[Scraped caption text data]
+++
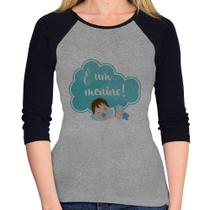 Baby Look Raglan É um menino Manga 3/4 - Foca na Moda Baby Look Raglan É um menino Manga 3/4 - Foca na Moda
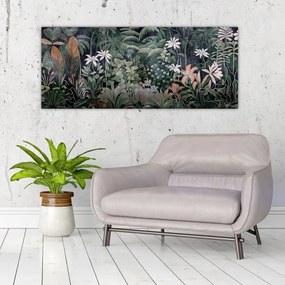 Obraz - Maľovaný vzor džungle (120x50 cm)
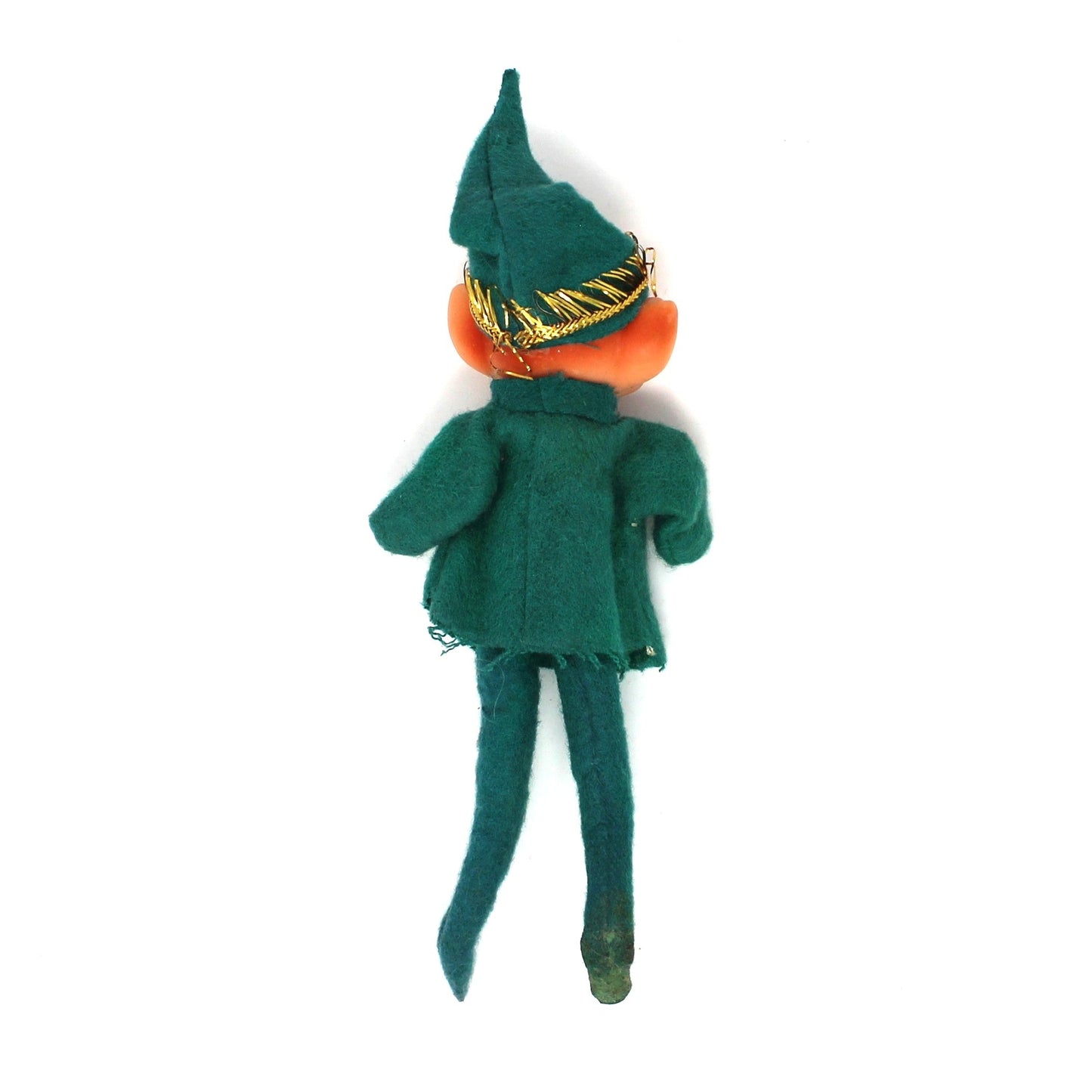 Ornaments, Pixie Elf Doll, Mid Century Christmas, Felt, Sold Separately: Red / Green / White, Pointy Nose, Vintage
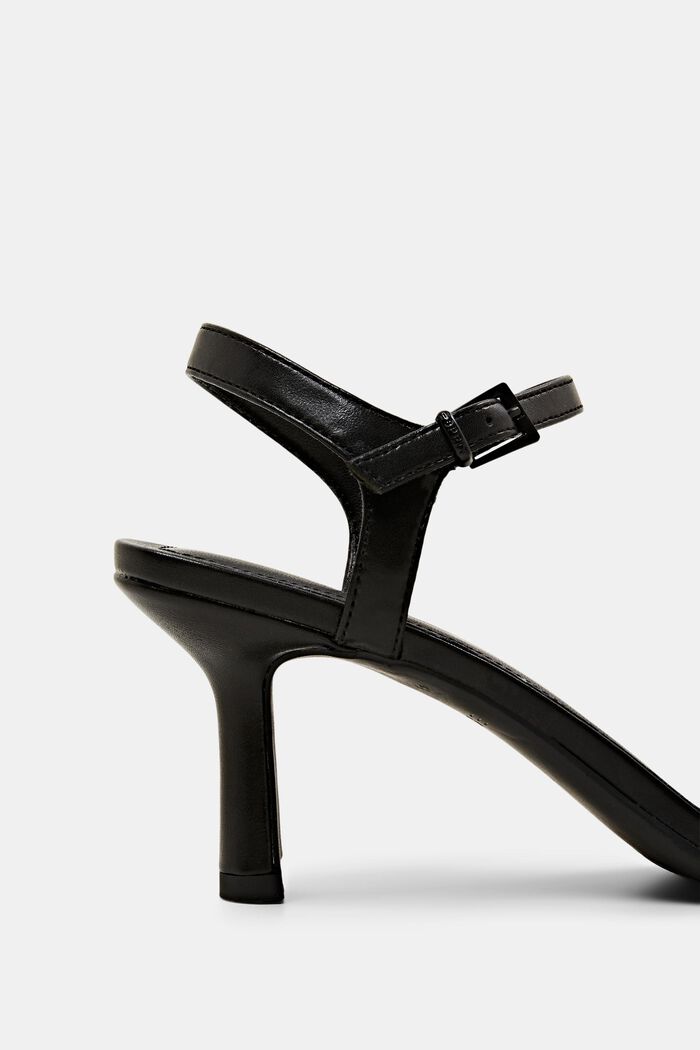 Faux leather square toe sandals with a heel, BLACK, detail image number 3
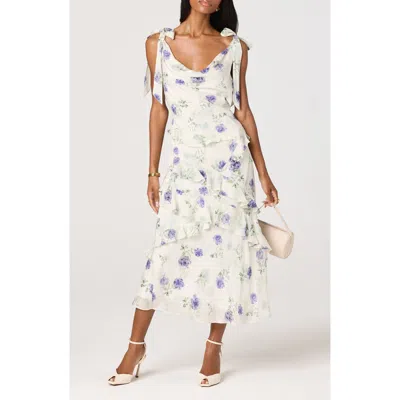 Astr The Label Fen Floral Print Midi Dress In Multi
+++
→ **TASK GOAL**: Go back to the line containing "Ornaments, Pixie Elf" and output it and every line after it through the end of the records, exactly, but not the pictures.

→ **YOUR SOLUTION**:
 Ornaments, Pixie Elf Doll, Mid Century Christmas, Felt, Sold Separately: Red / Green / White, Pointy Nose, Vintage
 Faux leather square toe sandals with a heel, BLACK, detail image number 3
 Astr The Label Fen Floral Print Midi Dress In Multi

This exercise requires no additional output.